Your goal
Data follows below. Repeat exactly the lines between the line holding "Villa With Pool,sauna, Jacuzzi" and the line holding "Ladera Heights Retreat", inclusive, and nothing more; drop pictures.

#### Records supplied

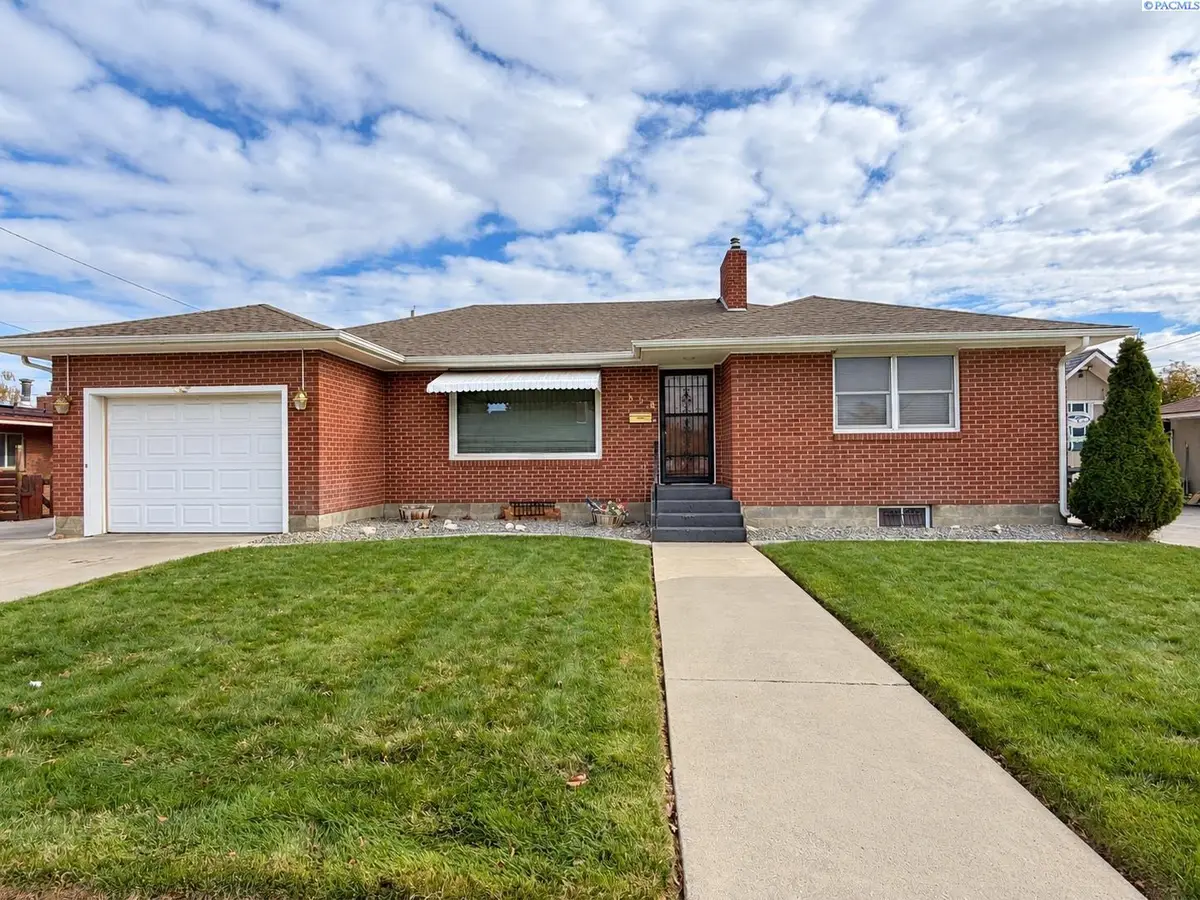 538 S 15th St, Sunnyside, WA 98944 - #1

########
#### Records supplied

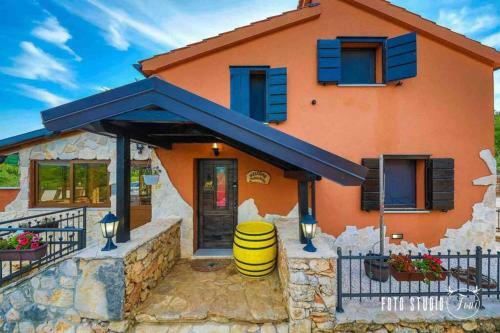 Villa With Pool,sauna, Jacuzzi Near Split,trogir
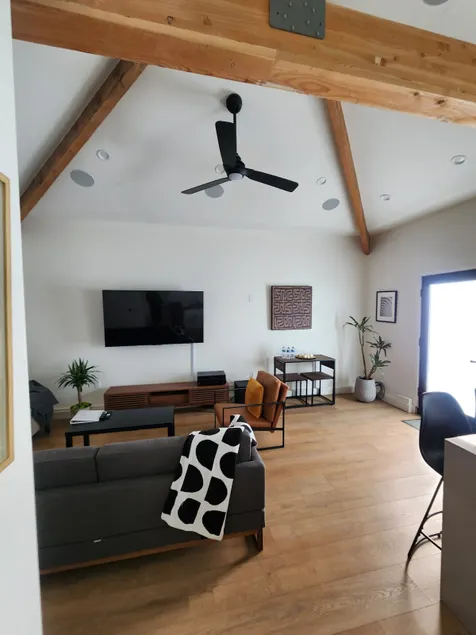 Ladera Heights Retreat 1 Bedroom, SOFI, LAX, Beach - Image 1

########

Task output
 Villa With Pool,sauna, Jacuzzi Near Split,trogir
 Ladera Heights Retreat 1 Bedroom, SOFI, LAX, Beach - Image 1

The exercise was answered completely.